(Captioned web images)

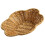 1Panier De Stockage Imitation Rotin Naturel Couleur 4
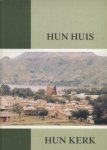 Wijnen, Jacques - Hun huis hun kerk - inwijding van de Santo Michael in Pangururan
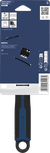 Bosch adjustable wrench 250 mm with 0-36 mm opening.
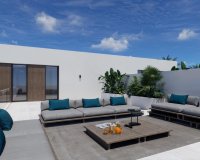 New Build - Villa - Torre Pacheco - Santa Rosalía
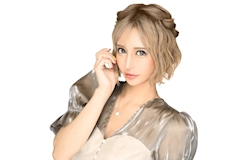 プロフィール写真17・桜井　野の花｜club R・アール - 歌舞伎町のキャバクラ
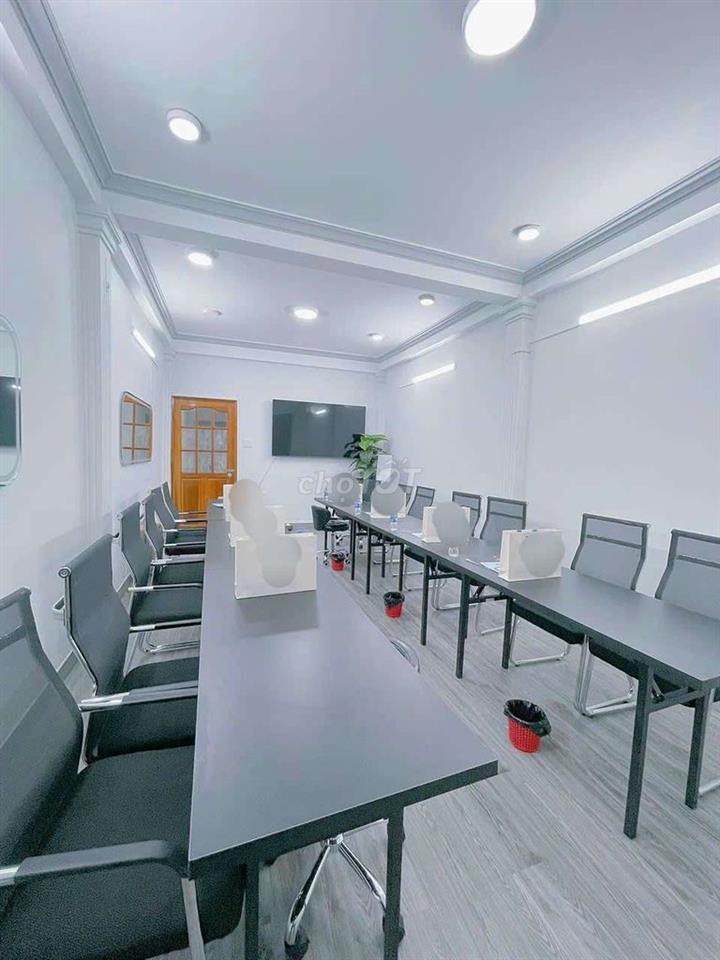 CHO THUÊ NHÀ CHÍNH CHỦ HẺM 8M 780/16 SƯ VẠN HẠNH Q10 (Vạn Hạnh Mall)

## Exercise prompt
The line containing "New Build - Villa" and all lines after it, through the last line of the records, should be returned exactly. Omit the pictures.

## Answer box
 New Build - Villa - Torre Pacheco - Santa Rosalía
 プロフィール写真17・桜井　野の花｜club R・アール - 歌舞伎町のキャバクラ
 CHO THUÊ NHÀ CHÍNH CHỦ HẺM 8M 780/16 SƯ VẠN HẠNH Q10 (Vạn Hạnh Mall)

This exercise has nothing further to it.